As it is shown in Table 4 the proposed structure got better results in comparison with similar work in the case of recognition accuracy and WER. Also, based on the obtained result in Figure 8 the proposed model has shown 99% accuracy for the recognition of spoken digits in the Arabic language. This result is superior to [13]. Furthermore, the proposed structure is evaluated by noisy signals that are totally corrupted, which confirms the capability of the proposed model for dealing with such signals.

7. Conclusion

This research focused on developing a deep learning model based on a combination of LSTM and GRU memory cells for Arabic speech recognition.
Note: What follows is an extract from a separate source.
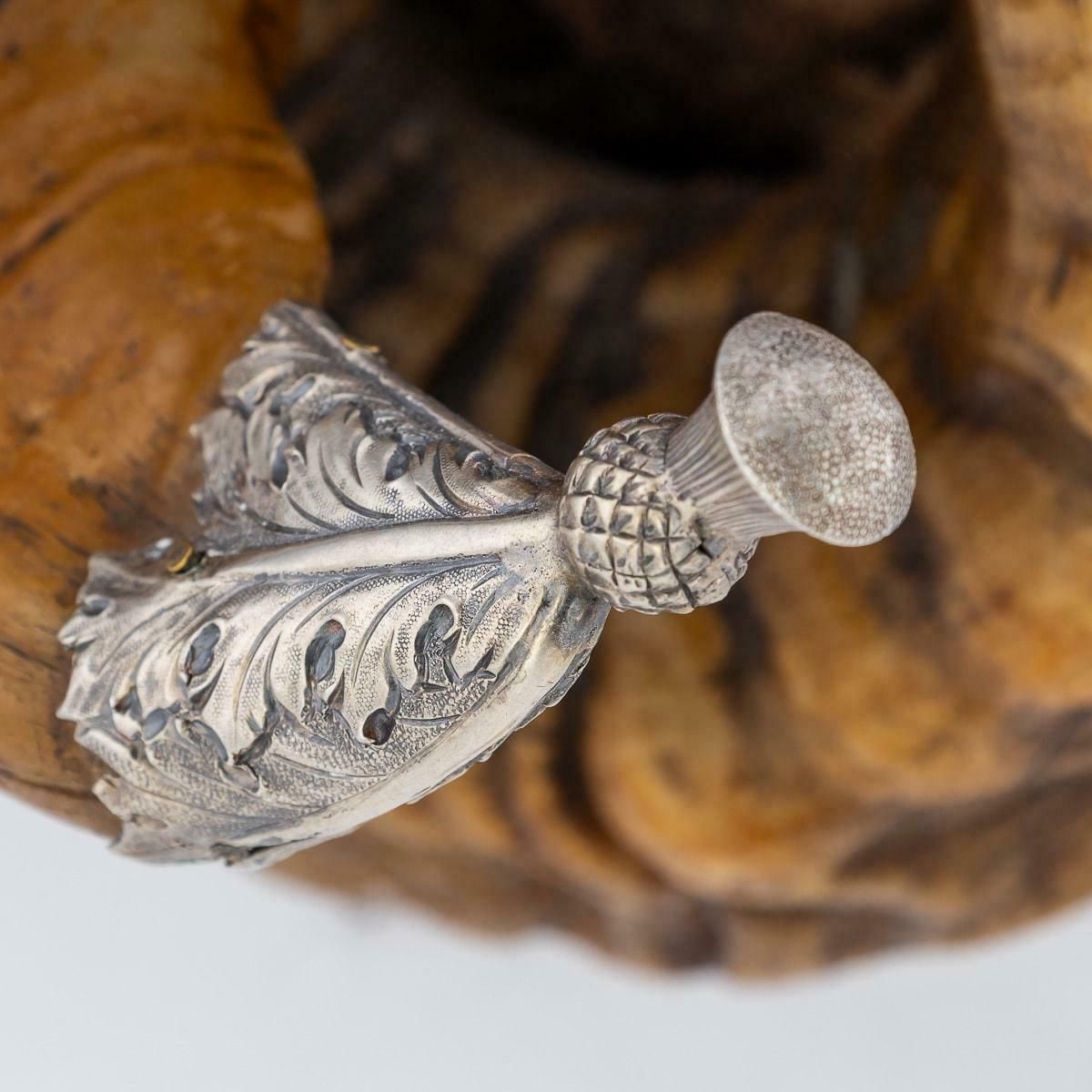 7795.0 Antique 19th Century Victorian Silver Mounted Ram’s Head Snuff Mull C.1874 photo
First, we managed to gather a proper dataset from males, females, and children from Iraq that speak the Arabic language as their mother tongue. Then we utilize the developed framework based on this dataset to recognize spoken words correctly. The proposed structure comprised steps like preprocessing, denoising, and recognition. Based on the results, the developed Autoencoder using GRU, in both the encoder and decoder side demonstrated the best performance. Experimental results achieved about 95.31% accuracy for Arabic word recognition with a WER 4.097%. This research has introduced one of the practical solutions for Arabic speech recognition based on Servox Digital EL which is used for people with speech disorders towards improving their speaking performance.

Data Availability

The data that support the findings of this study are not openly available and are available from the corresponding author upon reasonable request.

Conflicts of Interest

The authors declare that they have no conflicts of interest.